After taking into account the extra week in fiscal 2024 compared to fiscal 2023, Home Depot's 2024 guidance calls for 1% lower sales and diluted EPS. So the stage is already set for a weak year. But not a down year.

When we think of a slowdown, it's usually negative growth, not flat growth. In the company's upcoming earnings release and annual meeting of shareholders, investors should listen for signs of how the slowdown is progressing, what Home Depot is doing about it, how it plans to integrate its recent acquisitions, and if these acquisitions can contribute to the bottom line and limit the damage of the slowdown. It's also worth monitoring Home Depot's continued emphasis on professionals and its e-commerce business.

A results-driven stock

There are plenty of reasons a stock can go up, such as investor optimism, faster growth, or better business prospects. But arguably the most justified increase in a stock is if earnings rise. If a business makes more money, it should be worth more. And that's exactly what has happened to Home Depot.

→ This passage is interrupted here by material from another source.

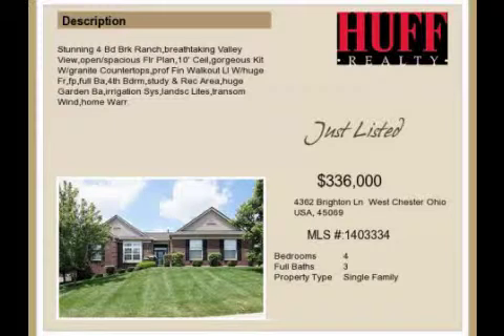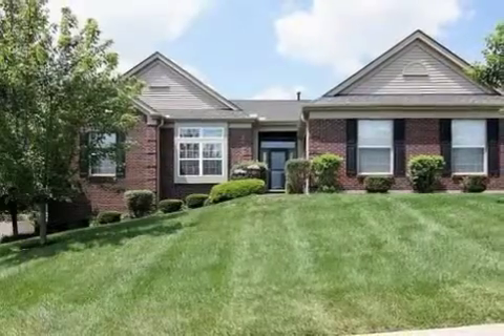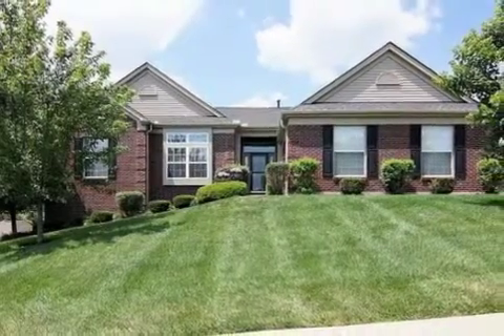This property is a four-bedroom, three full baths home. The list price has recently been reduced to $336,000.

Over the last five years, the stock is up 63%, and diluted earnings per share (EPS) are up 50%. Over the last decade, the stock price has also grown faster than earnings, but the dividend is up even more.

HD Chart

HD data by YCharts

If a stock price and earnings are growing at roughly the same rate, the stock's valuation from a price-to-earnings (P/E) ratio perspective should also be roughly the same. And sure enough, Home Depot's current 23 P/E is nearly identical to its 10-year median P/E of 22.7.

Results-driven stocks can be a double-edged sword. If the company can grow earnings and the dividend over time, it will compound gains for shareholders. But when earnings stall, like they are for Home Depot right now, then the stock could also languish and underperform the broader market. This dynamic may keep some investors on the sidelines for the time being.

Home Depot is the perfect stock for patient investors

Investors shouldn't expect Home Depot to skyrocket anytime soon. But the good news is that Home Depot is a great value, it has a sizable 2.7% dividend yield that pays patient investors to hold the stock, and it's making the internal investments and acquisitions to sustain growth over the long term.

A quality dividend-paying company is able to raise its payout because of higher earnings. Even though its earnings have flatlined, Home Depot still has a payout ratio of just 55.4%. A healthy payout ratio leaves room to raise the dividend and shows that the expense is manageable.

The upcoming earnings release and annual meeting should provide excellent insight into the duration and severity of the slowdown. But ultimately, the long-term performance of Home Depot should continue to follow the trajectory of its earnings.

Home Depot is a no-brainer dividend stock to buy now. It has the brand power and market position to foster value, income, and growth for shareholders. But don't be surprised if the stock remains under pressure in the short term.